[MATERIALS PROVIDED Boundary: Start]

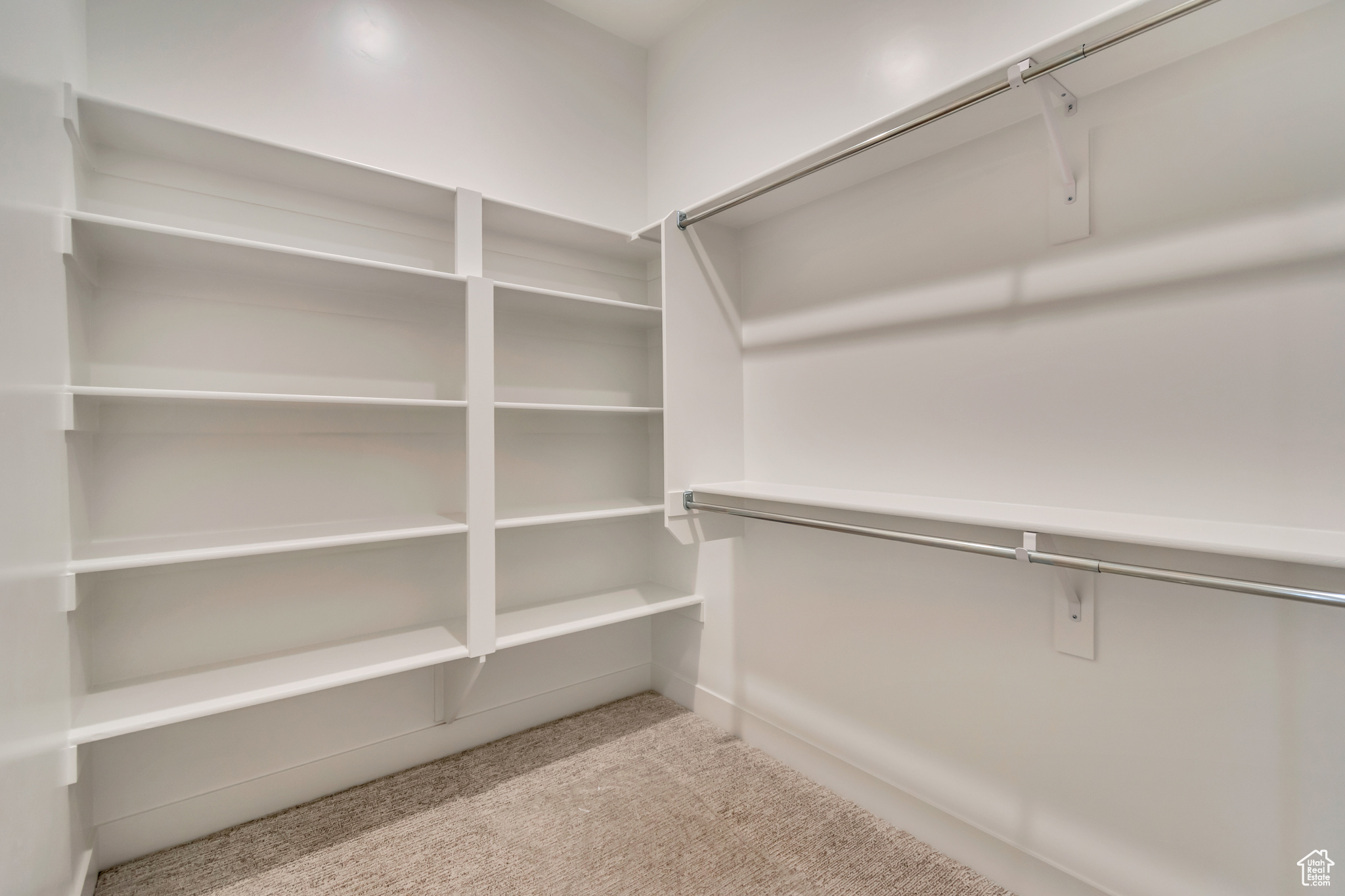 3527 W Haven Aire Dr, South Jordan, Utah image 14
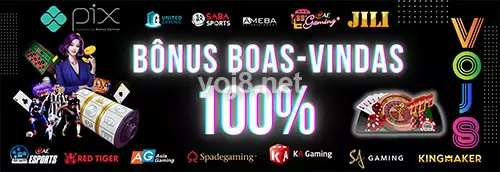 Esportebet net pré apostas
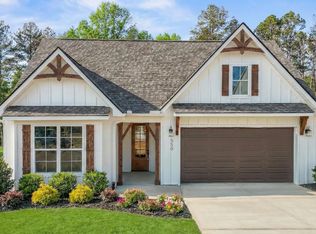 550 Nature Trl, Soddy Daisy, TN 37379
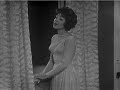 Shirley Bassey -In The Still Of The Night-
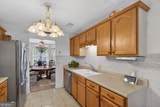 1448 Paul Caswell Boulevard - Photo 7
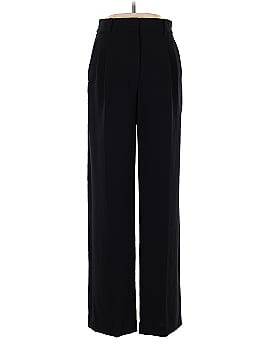 Wilfred Dress Pants (view 1)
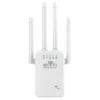 WiFi Extender Signal Booster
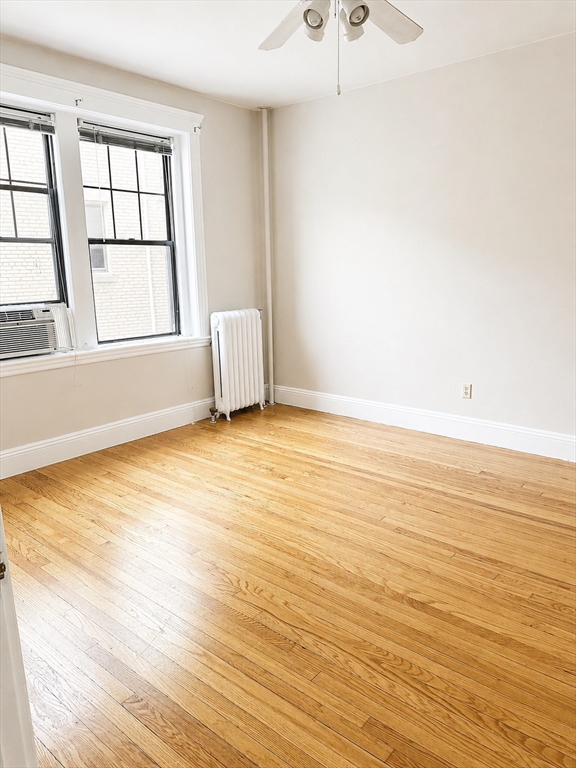 370 Chestnut Hill Ave # 34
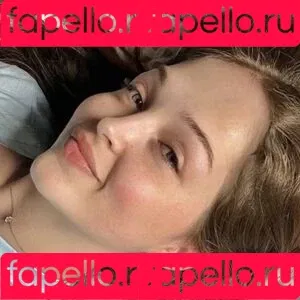 LiahsFantasy Onlyfans Photo Gallery 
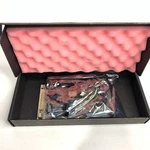 Nec DX7NA-PSU-D1 Dsx 80 160 1091008 Ksu Main Cabinet Power Supply. Fixed Price $30.00.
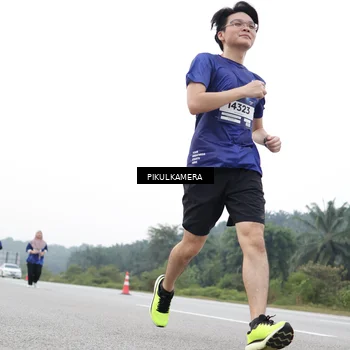 Runner Photo 7503491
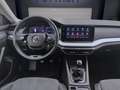 Skoda Octavia Combi 2.0 TDI STYLE NAVI LED SITZHZG PDC Weiß - thumbnail 12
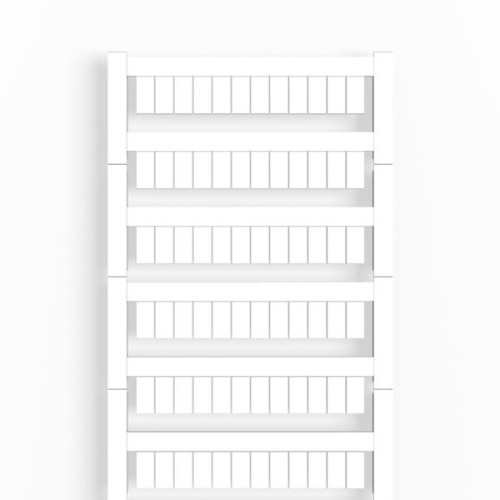 WEIDMULLER - 1792000000 - WS 10/5 M MC NE WS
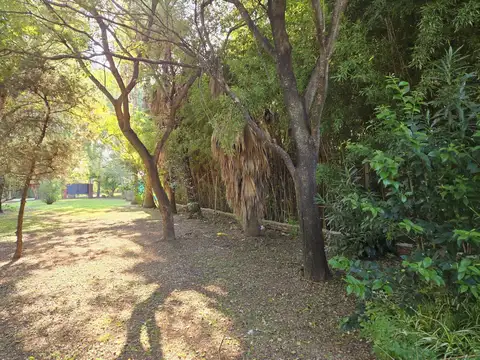 Casa en Venta 20 años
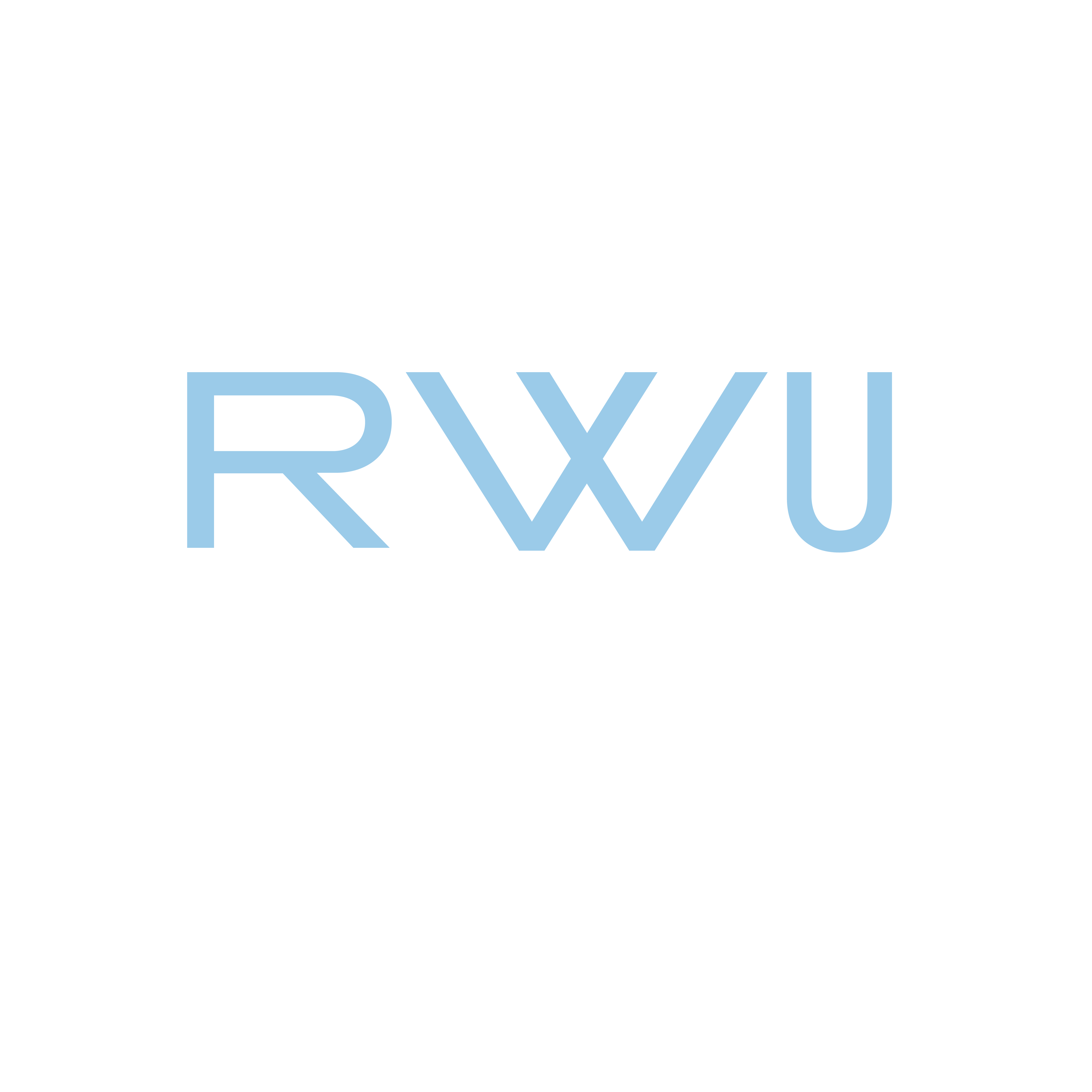 Graphic Design at RWU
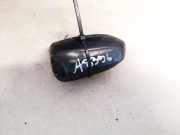 GPS Antenne Kia Ceed, I 2006.12 - 2010.05 v305316c,v3-05316c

[MATERIALS PROVIDED Boundary: End]

Without the pictures, give every line of the data again, exactly as written.

**OUTPUT FOR THIS TASK**.
 3527 W Haven Aire Dr, South Jordan, Utah image 14
 Esportebet net pré apostas
 550 Nature Trl, Soddy Daisy, TN 37379
 Shirley Bassey -In The Still Of The Night-
 1448 Paul Caswell Boulevard - Photo 7
 Wilfred Dress Pants (view 1)
 WiFi Extender Signal Booster
 370 Chestnut Hill Ave # 34
 LiahsFantasy Onlyfans Photo Gallery 
 Nec DX7NA-PSU-D1 Dsx 80 160 1091008 Ksu Main Cabinet Power Supply. Fixed Price $30.00.
 Runner Photo 7503491
 Skoda Octavia Combi 2.0 TDI STYLE NAVI LED SITZHZG PDC Weiß - thumbnail 12
 WEIDMULLER - 1792000000 - WS 10/5 M MC NE WS
 Casa en Venta 20 años
 Graphic Design at RWU
 GPS Antenne Kia Ceed, I 2006.12 - 2010.05 v305316c,v3-05316c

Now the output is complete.